> Directions for this task:
Repeat only the lines below from the one that contains "TV stand, marble-look top, 20 x 50 x 25" through the final line, exactly. Omit pictures.

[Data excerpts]
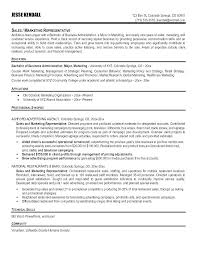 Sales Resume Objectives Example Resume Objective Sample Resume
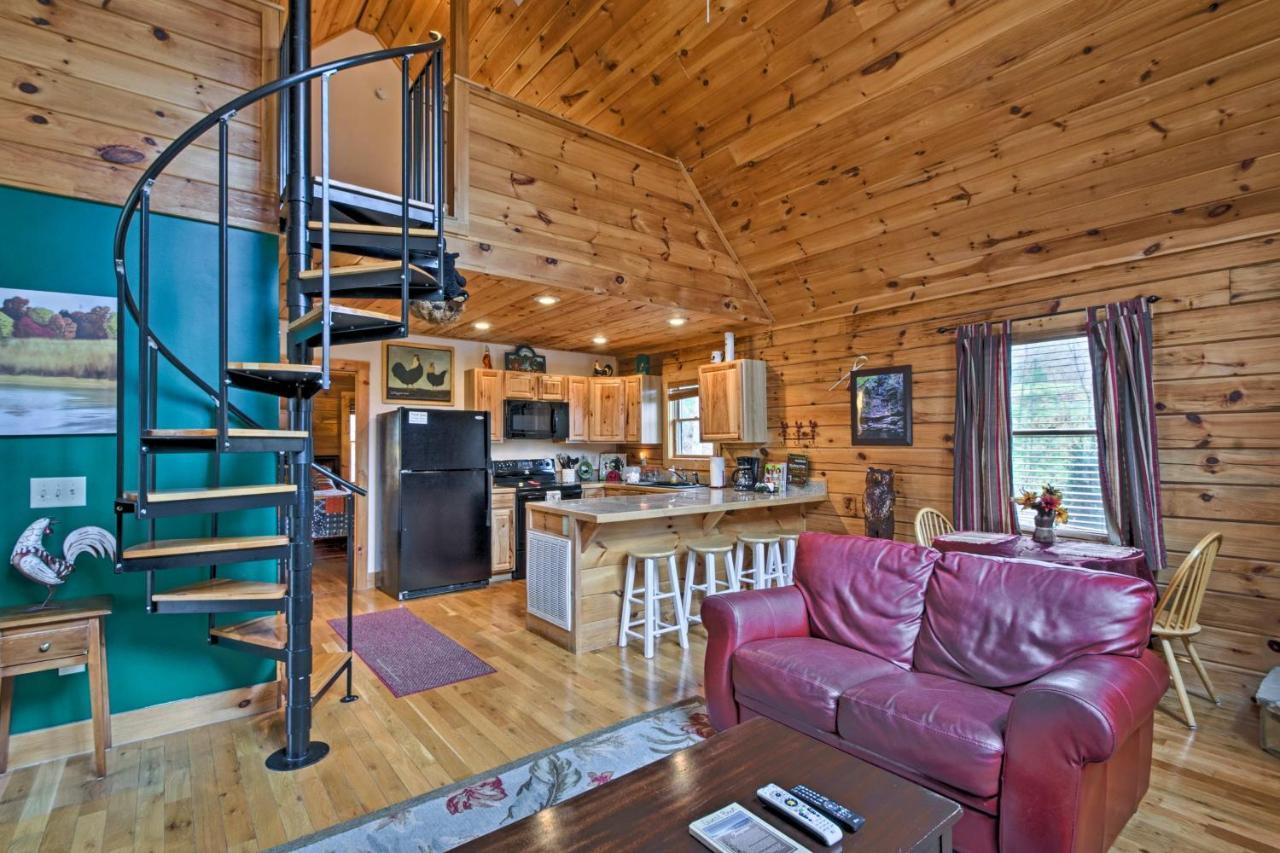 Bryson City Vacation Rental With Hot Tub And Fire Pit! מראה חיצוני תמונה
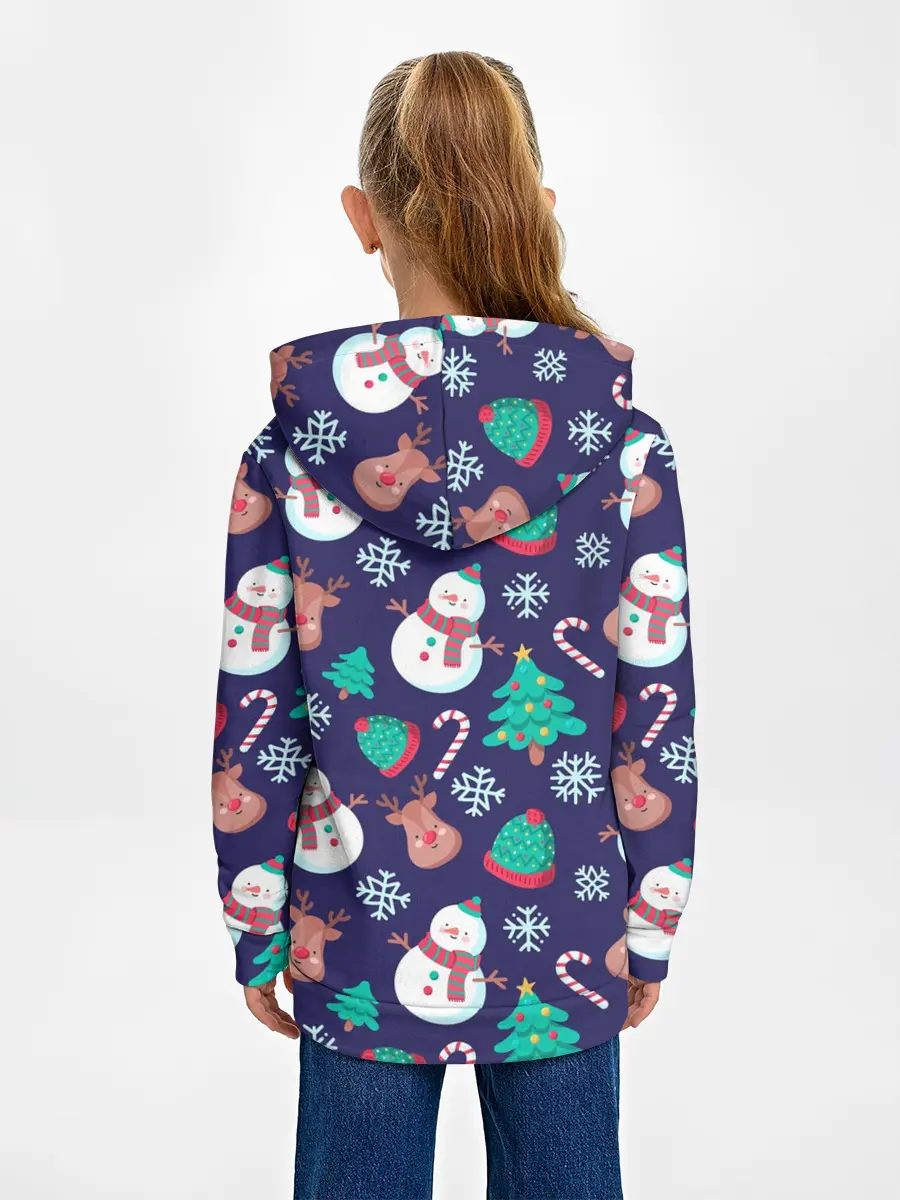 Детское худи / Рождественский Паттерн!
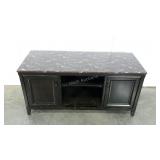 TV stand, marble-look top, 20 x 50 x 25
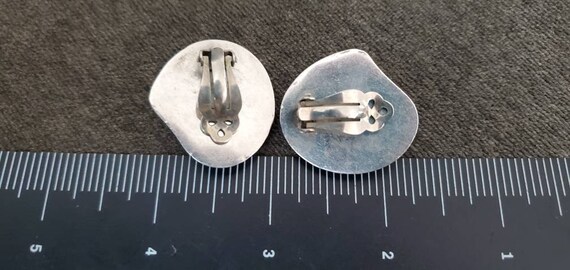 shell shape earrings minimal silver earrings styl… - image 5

> Response to the exercise:
 TV stand, marble-look top, 20 x 50 x 25
 shell shape earrings minimal silver earrings styl… - image 5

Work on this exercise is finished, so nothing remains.